*Task description*
The full listing below should be repeated exactly.
BEGIN Material for the task
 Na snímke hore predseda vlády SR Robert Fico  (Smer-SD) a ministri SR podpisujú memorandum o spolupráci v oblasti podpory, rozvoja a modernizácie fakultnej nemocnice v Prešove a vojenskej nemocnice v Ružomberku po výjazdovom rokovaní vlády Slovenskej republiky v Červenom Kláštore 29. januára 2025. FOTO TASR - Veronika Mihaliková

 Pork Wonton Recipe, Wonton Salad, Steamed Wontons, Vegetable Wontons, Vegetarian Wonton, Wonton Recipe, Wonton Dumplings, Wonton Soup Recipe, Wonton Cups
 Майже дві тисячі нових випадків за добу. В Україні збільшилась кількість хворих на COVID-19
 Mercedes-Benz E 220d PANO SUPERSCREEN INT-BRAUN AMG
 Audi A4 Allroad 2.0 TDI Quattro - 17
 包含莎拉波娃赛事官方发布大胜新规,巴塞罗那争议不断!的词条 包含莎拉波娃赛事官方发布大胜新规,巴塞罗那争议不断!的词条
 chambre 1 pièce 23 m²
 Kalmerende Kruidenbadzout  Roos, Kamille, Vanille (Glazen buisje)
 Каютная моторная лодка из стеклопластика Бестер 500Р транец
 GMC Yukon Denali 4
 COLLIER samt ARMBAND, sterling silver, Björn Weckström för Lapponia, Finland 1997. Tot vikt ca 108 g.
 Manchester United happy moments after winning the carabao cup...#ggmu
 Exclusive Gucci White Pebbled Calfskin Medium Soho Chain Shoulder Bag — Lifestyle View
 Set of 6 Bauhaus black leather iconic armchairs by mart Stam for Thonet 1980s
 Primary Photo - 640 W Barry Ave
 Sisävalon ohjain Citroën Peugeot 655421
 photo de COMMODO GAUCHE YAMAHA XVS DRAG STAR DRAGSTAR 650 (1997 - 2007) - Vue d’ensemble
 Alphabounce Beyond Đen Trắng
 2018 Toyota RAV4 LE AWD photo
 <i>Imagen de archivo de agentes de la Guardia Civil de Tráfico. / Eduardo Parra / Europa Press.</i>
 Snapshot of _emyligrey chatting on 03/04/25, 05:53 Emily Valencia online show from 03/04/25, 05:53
END Material for the task
*Result of this task*
 Na snímke hore predseda vlády SR Robert Fico  (Smer-SD) a ministri SR podpisujú memorandum o spolupráci v oblasti podpory, rozvoja a modernizácie fakultnej nemocnice v Prešove a vojenskej nemocnice v Ružomberku po výjazdovom rokovaní vlády Slovenskej republiky v Červenom Kláštore 29. januára 2025. FOTO TASR - Veronika Mihaliková

 Pork Wonton Recipe, Wonton Salad, Steamed Wontons, Vegetable Wontons, Vegetarian Wonton, Wonton Recipe, Wonton Dumplings, Wonton Soup Recipe, Wonton Cups
 Майже дві тисячі нових випадків за добу. В Україні збільшилась кількість хворих на COVID-19
 Mercedes-Benz E 220d PANO SUPERSCREEN INT-BRAUN AMG
 Audi A4 Allroad 2.0 TDI Quattro - 17
 包含莎拉波娃赛事官方发布大胜新规,巴塞罗那争议不断!的词条 包含莎拉波娃赛事官方发布大胜新规,巴塞罗那争议不断!的词条
 chambre 1 pièce 23 m²
 Kalmerende Kruidenbadzout  Roos, Kamille, Vanille (Glazen buisje)
 Каютная моторная лодка из стеклопластика Бестер 500Р транец
 GMC Yukon Denali 4
 COLLIER samt ARMBAND, sterling silver, Björn Weckström för Lapponia, Finland 1997. Tot vikt ca 108 g.
 Manchester United happy moments after winning the carabao cup...#ggmu
 Exclusive Gucci White Pebbled Calfskin Medium Soho Chain Shoulder Bag — Lifestyle View
 Set of 6 Bauhaus black leather iconic armchairs by mart Stam for Thonet 1980s
 Primary Photo - 640 W Barry Ave
 Sisävalon ohjain Citroën Peugeot 655421
 photo de COMMODO GAUCHE YAMAHA XVS DRAG STAR DRAGSTAR 650 (1997 - 2007) - Vue d’ensemble
 Alphabounce Beyond Đen Trắng
 2018 Toyota RAV4 LE AWD photo
 <i>Imagen de archivo de agentes de la Guardia Civil de Tráfico. / Eduardo Parra / Europa Press.</i>
 Snapshot of _emyligrey chatting on 03/04/25, 05:53 Emily Valencia online show from 03/04/25, 05:53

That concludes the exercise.